§ Task data
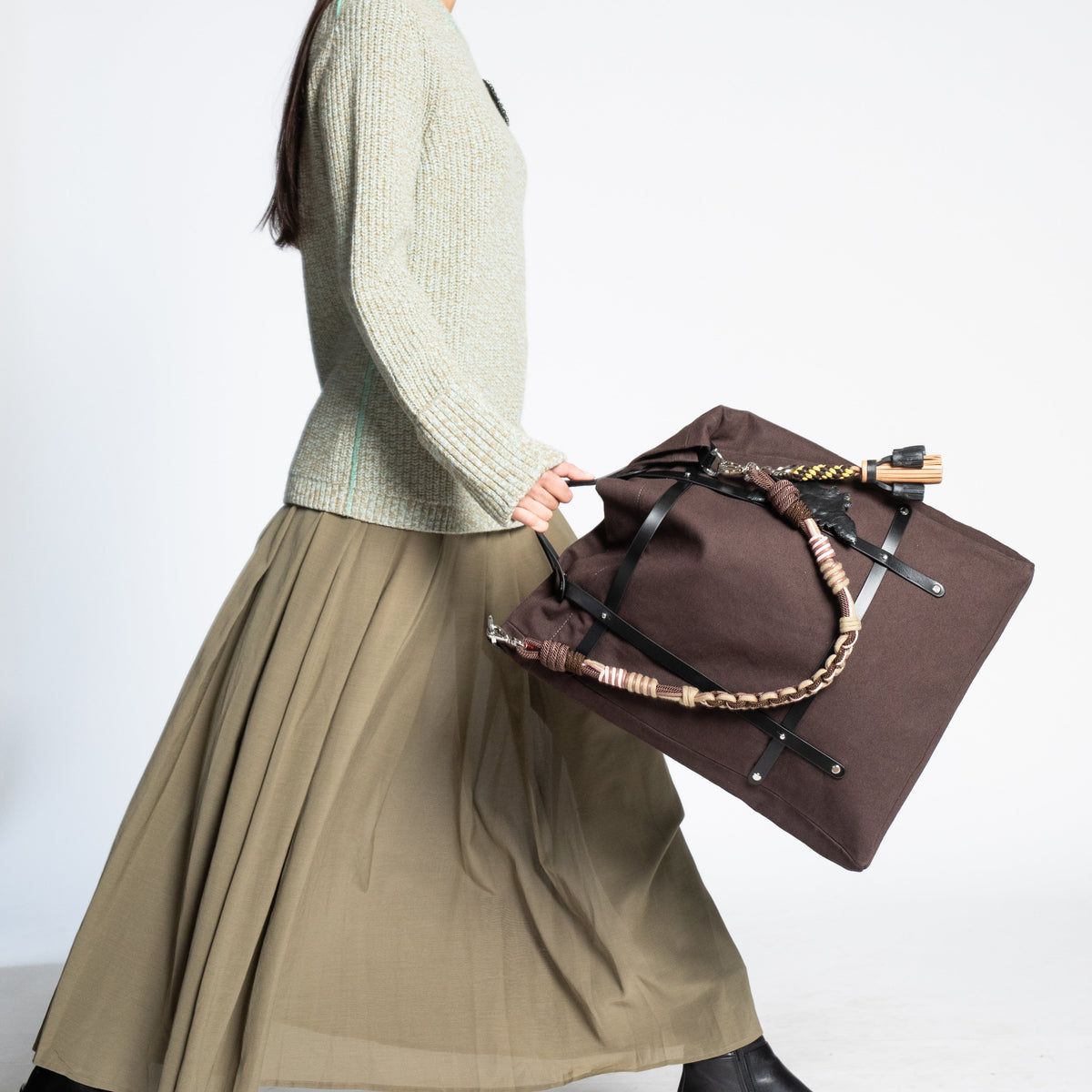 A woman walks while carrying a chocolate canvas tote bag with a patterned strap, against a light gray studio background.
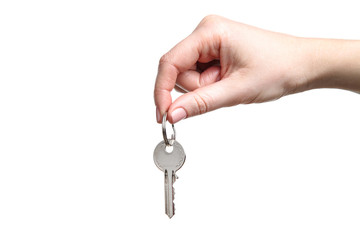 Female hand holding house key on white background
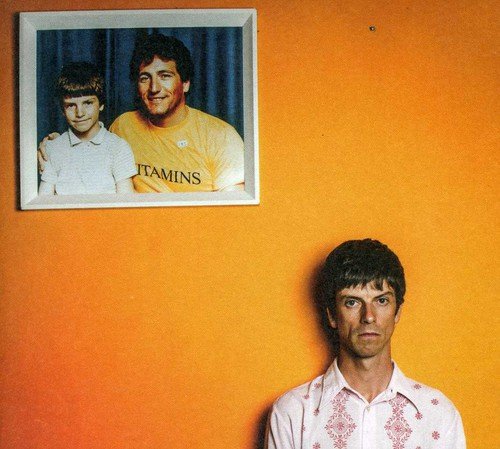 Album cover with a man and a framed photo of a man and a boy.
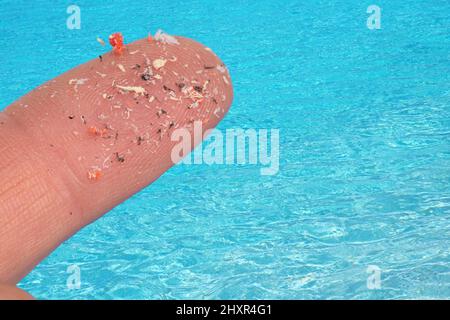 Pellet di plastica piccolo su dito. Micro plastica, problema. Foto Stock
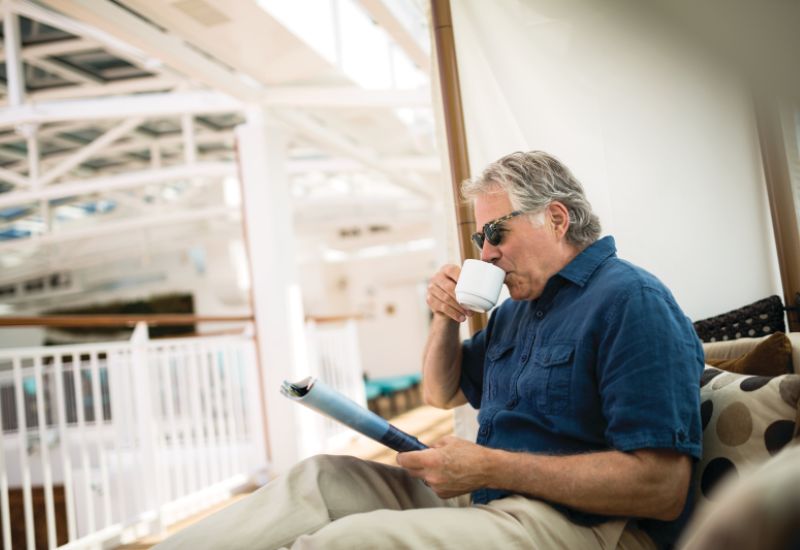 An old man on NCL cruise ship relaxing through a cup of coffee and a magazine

* * *

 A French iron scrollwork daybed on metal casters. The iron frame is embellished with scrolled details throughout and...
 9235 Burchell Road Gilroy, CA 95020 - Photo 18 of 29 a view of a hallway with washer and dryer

==

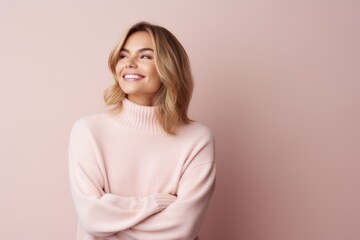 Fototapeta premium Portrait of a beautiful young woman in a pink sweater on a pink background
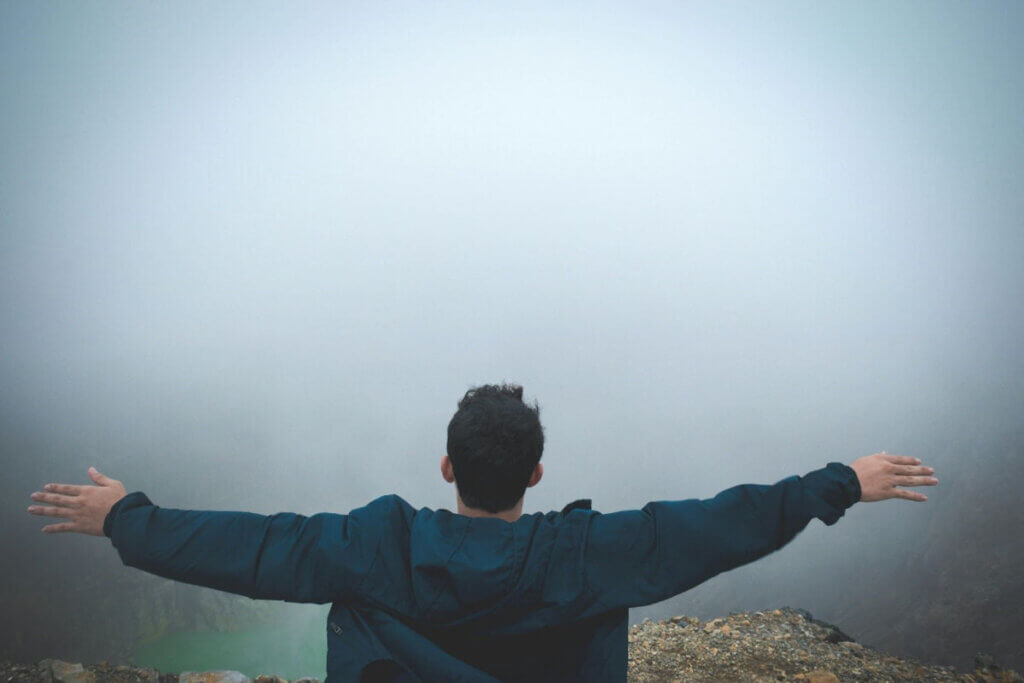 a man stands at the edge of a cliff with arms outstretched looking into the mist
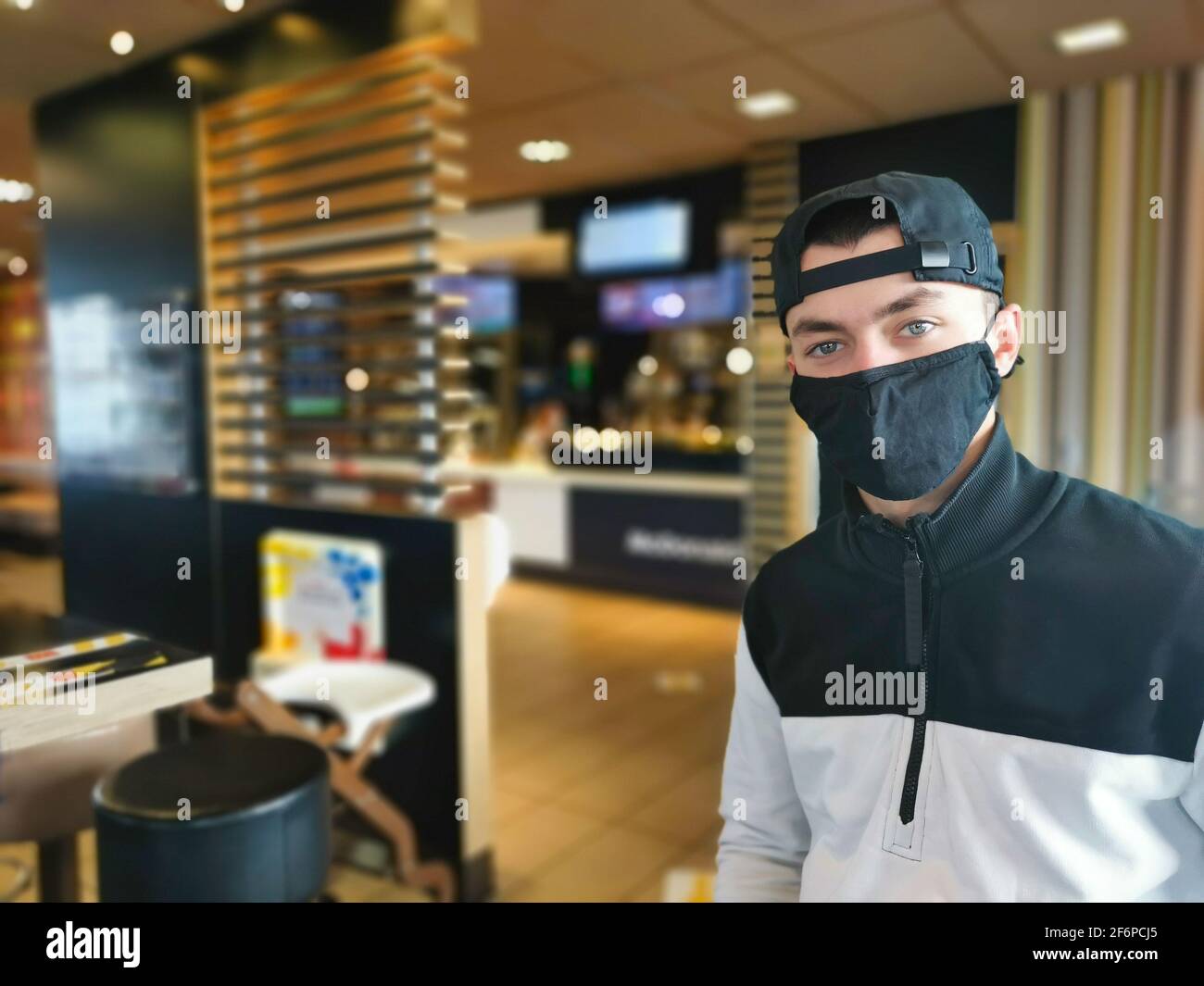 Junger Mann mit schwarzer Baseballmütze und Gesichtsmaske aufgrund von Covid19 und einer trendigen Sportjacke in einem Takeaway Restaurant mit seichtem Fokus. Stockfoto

§ Directions for this task
Only the lines starting at the one that includes "Album cover with" and ending at the one that includes "An old man on" should be retyped, exactly, from the records above; no pictures.

§ Output below
 Album cover with a man and a framed photo of a man and a boy.
 Pellet di plastica piccolo su dito. Micro plastica, problema. Foto Stock
 An old man on NCL cruise ship relaxing through a cup of coffee and a magazine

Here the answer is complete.